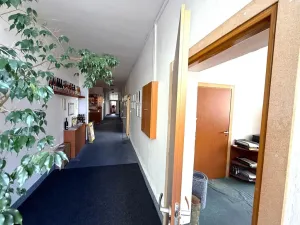 Pronájem kanceláře, Brno - Lesná, Nejedlého, 19 m2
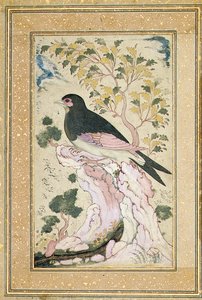 Kayaya tüneyen kuş, 1684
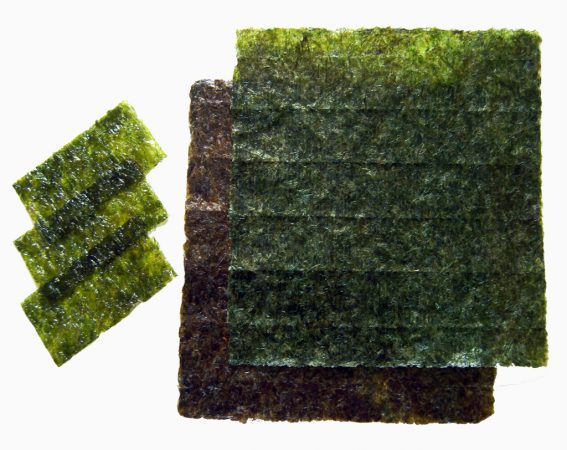 Alga Sushi Nori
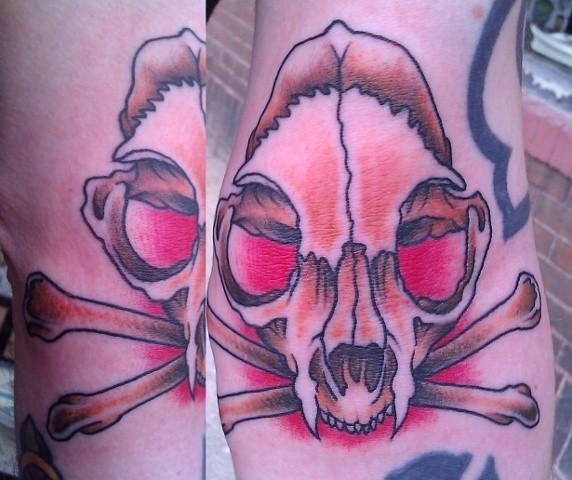 scottish rose tattoo cat skull scottish rose tattoo cat skull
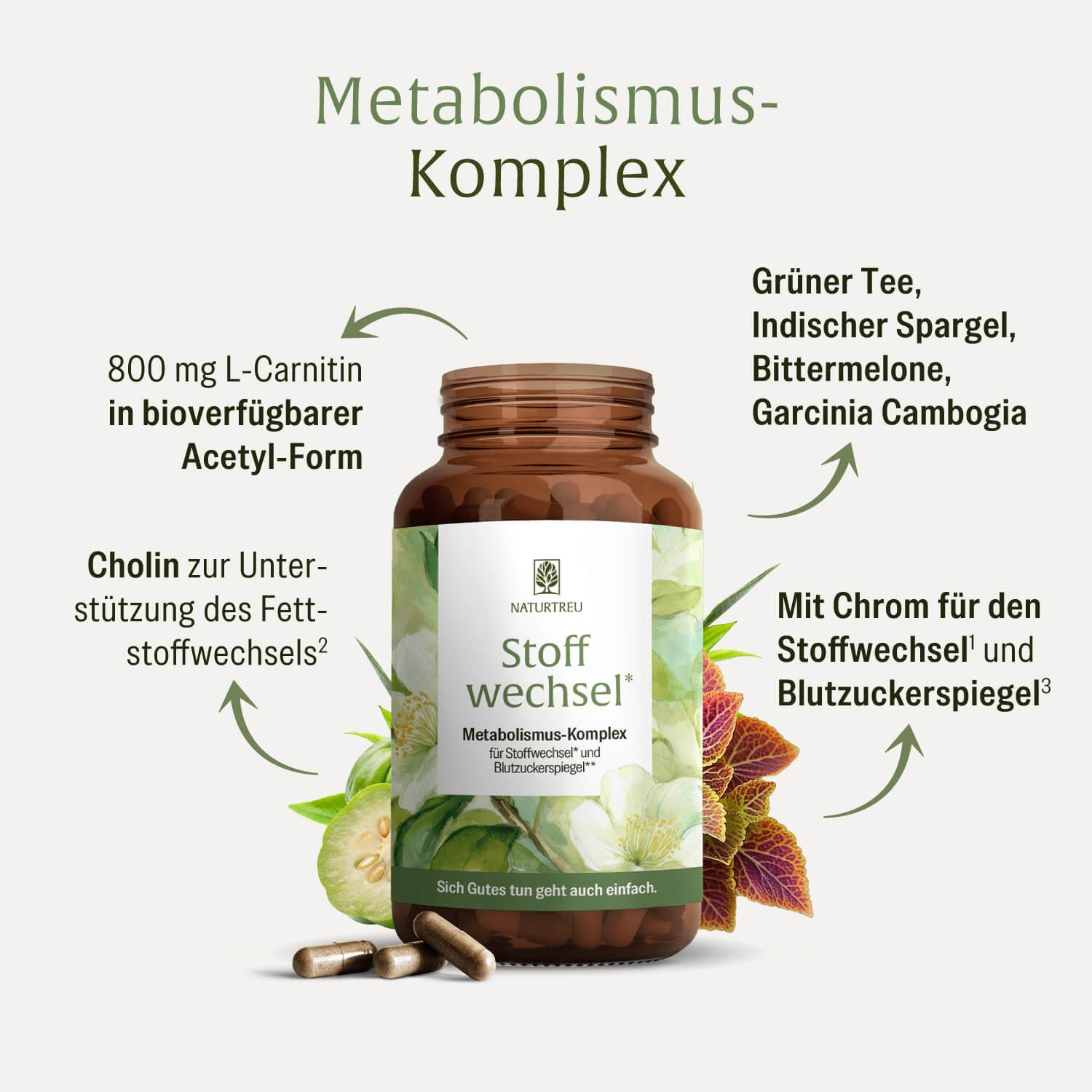 Naturtreu STOFFWECHSEL Kapseln, 120 er 120 St., 65 g, Durchdachte Entwicklung, Vegan, Laborgeprüft, Hochwertige Inhaltstoffe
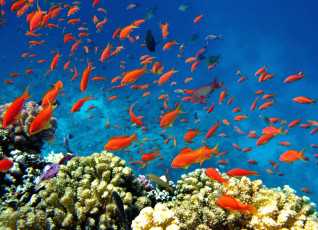 Картинка животные рыбы тропики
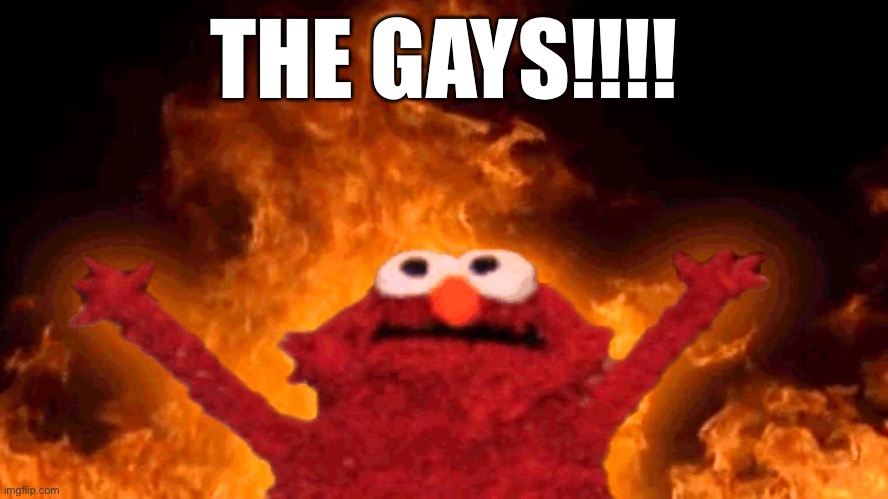 elmo fire | THE GAYS!!!! | image tagged in elmo fire | made w/ Imgflip meme maker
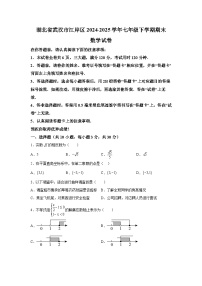 湖北省武汉市江岸区2024-2025学年七年级下学期期末数学试卷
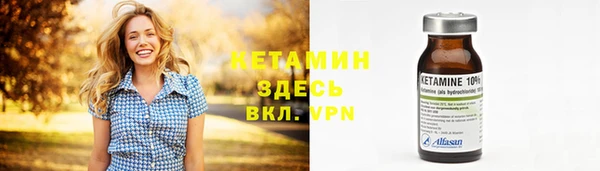 индика Богданович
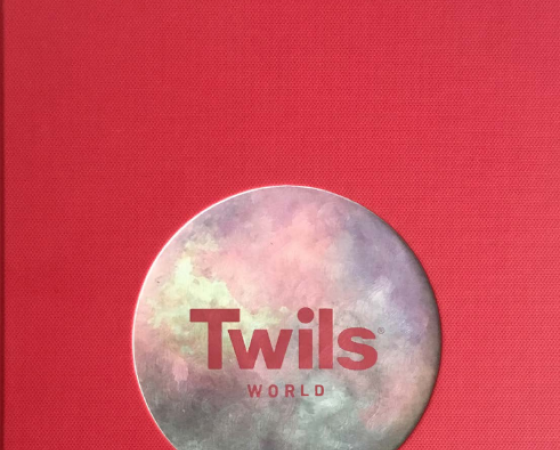 dgmebel ru TWILS 005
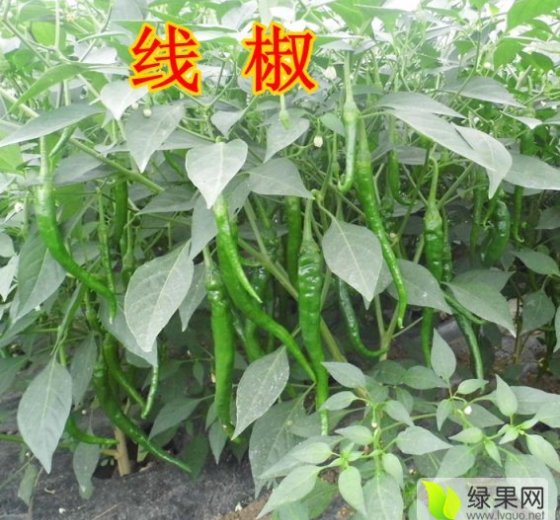 2015年江苏沭阳线椒价格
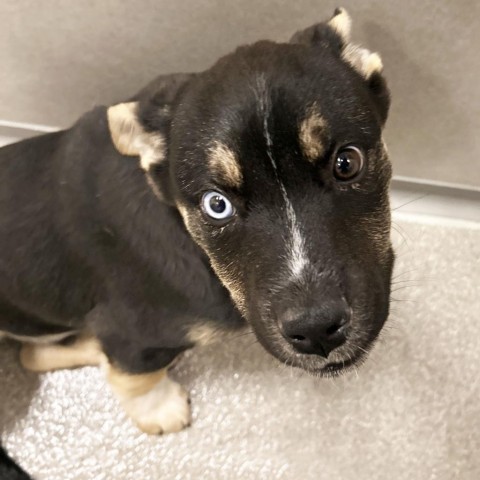 Harvey Dent, an adoptable Mixed Breed in Hailey, ID, 83333 | Photo Image 2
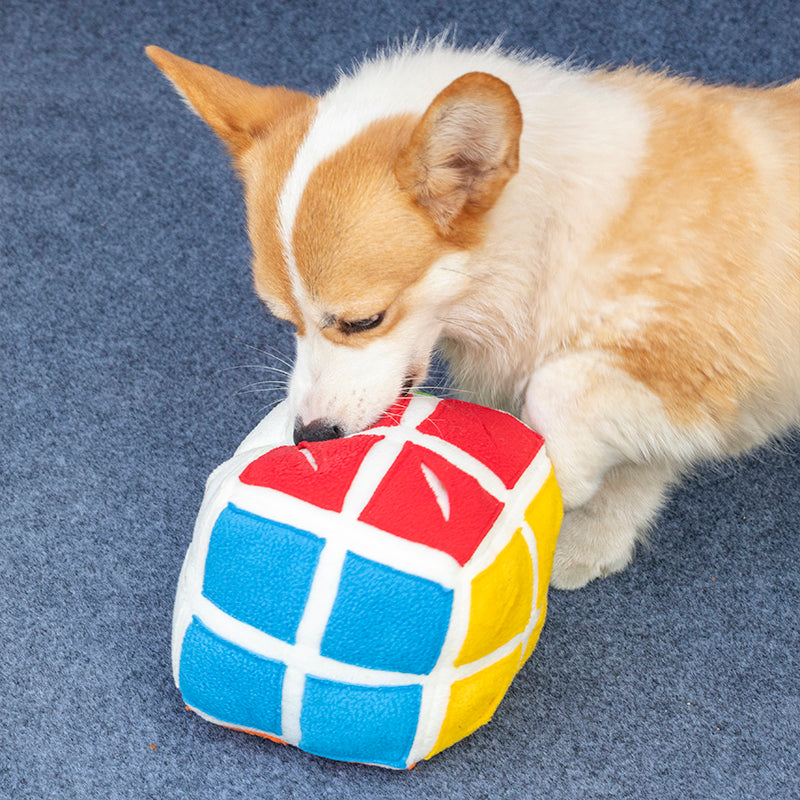 Cube Snuffle Toy for Dogs and Cats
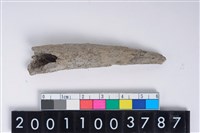 藏品(角尖器)的圖片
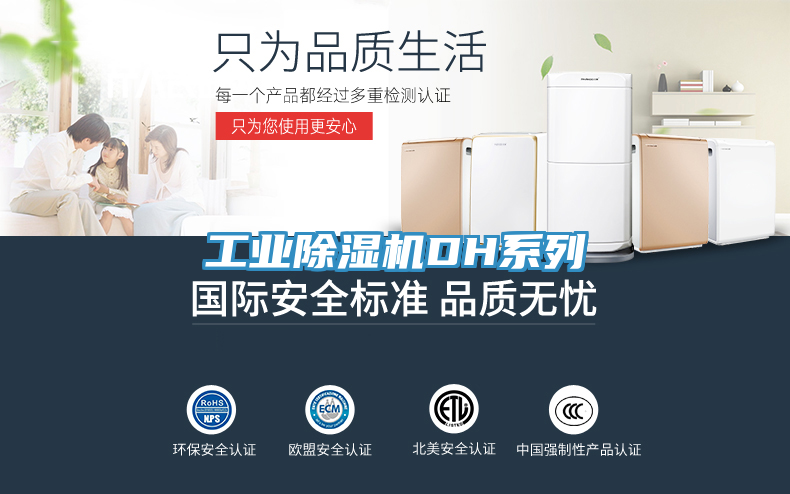 工业91免费网站在线观看DH系列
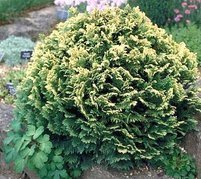 Cyprysik Lawsona Pygmaea Argentea Chamaecyparis lawsoniana C2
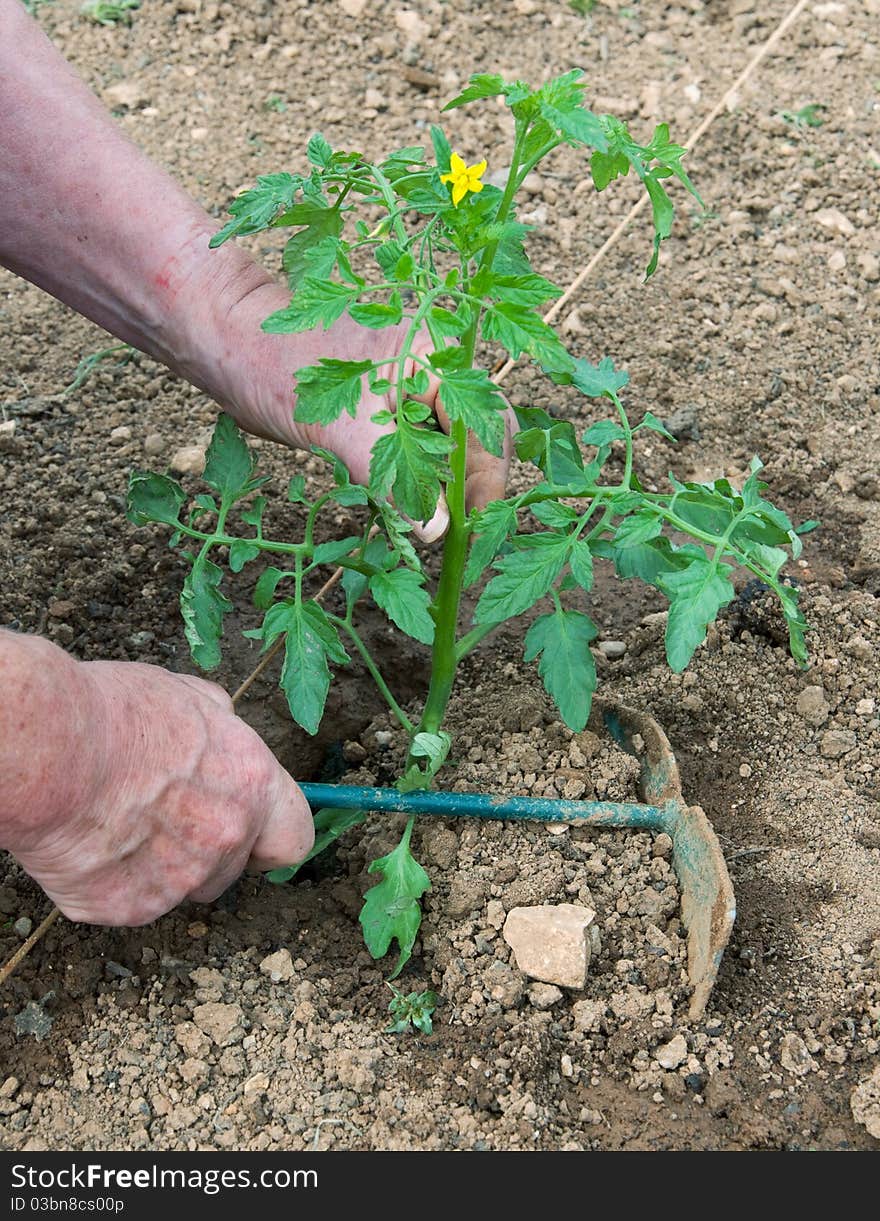 Female hands planting flowering tomato plant in prepared earth.  Right hand holds small gardening tool. Female hands planting flowering tomato plant in prepared earth.  Right hand holds small gardening tool.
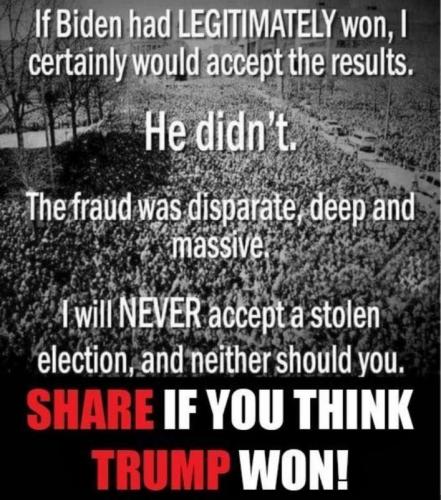 xephula_a06dcd3c601f43c8f44e54cb6c166b95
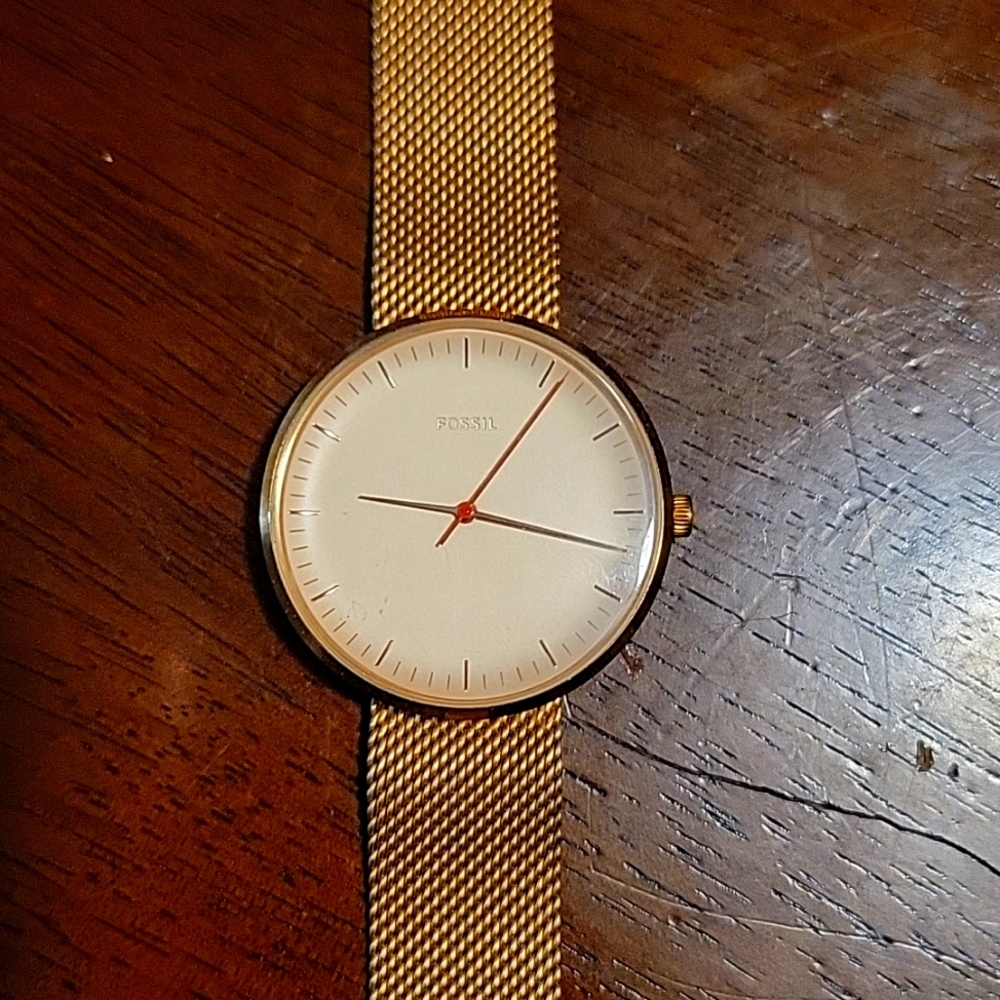 Fossil Watch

Instructions to follow ->
Would you give the data above again word for word, minus the pictures?

Written response ->
 Pronájem kanceláře, Brno - Lesná, Nejedlého, 19 m2
 Kayaya tüneyen kuş, 1684
 Alga Sushi Nori
 scottish rose tattoo cat skull scottish rose tattoo cat skull
 Naturtreu STOFFWECHSEL Kapseln, 120 er 120 St., 65 g, Durchdachte Entwicklung, Vegan, Laborgeprüft, Hochwertige Inhaltstoffe
 Картинка животные рыбы тропики
 elmo fire | THE GAYS!!!! | image tagged in elmo fire | made w/ Imgflip meme maker
 湖北省武汉市江岸区2024-2025学年七年级下学期期末数学试卷
 индика Богданович
 dgmebel ru TWILS 005
 2015年江苏沭阳线椒价格
 Harvey Dent, an adoptable Mixed Breed in Hailey, ID, 83333 | Photo Image 2
 Cube Snuffle Toy for Dogs and Cats
 藏品(角尖器)的圖片
 工业91免费网站在线观看DH系列
 Cyprysik Lawsona Pygmaea Argentea Chamaecyparis lawsoniana C2
 Female hands planting flowering tomato plant in prepared earth.  Right hand holds small gardening tool. Female hands planting flowering tomato plant in prepared earth.  Right hand holds small gardening tool.
 xephula_a06dcd3c601f43c8f44e54cb6c166b95
 Fossil Watch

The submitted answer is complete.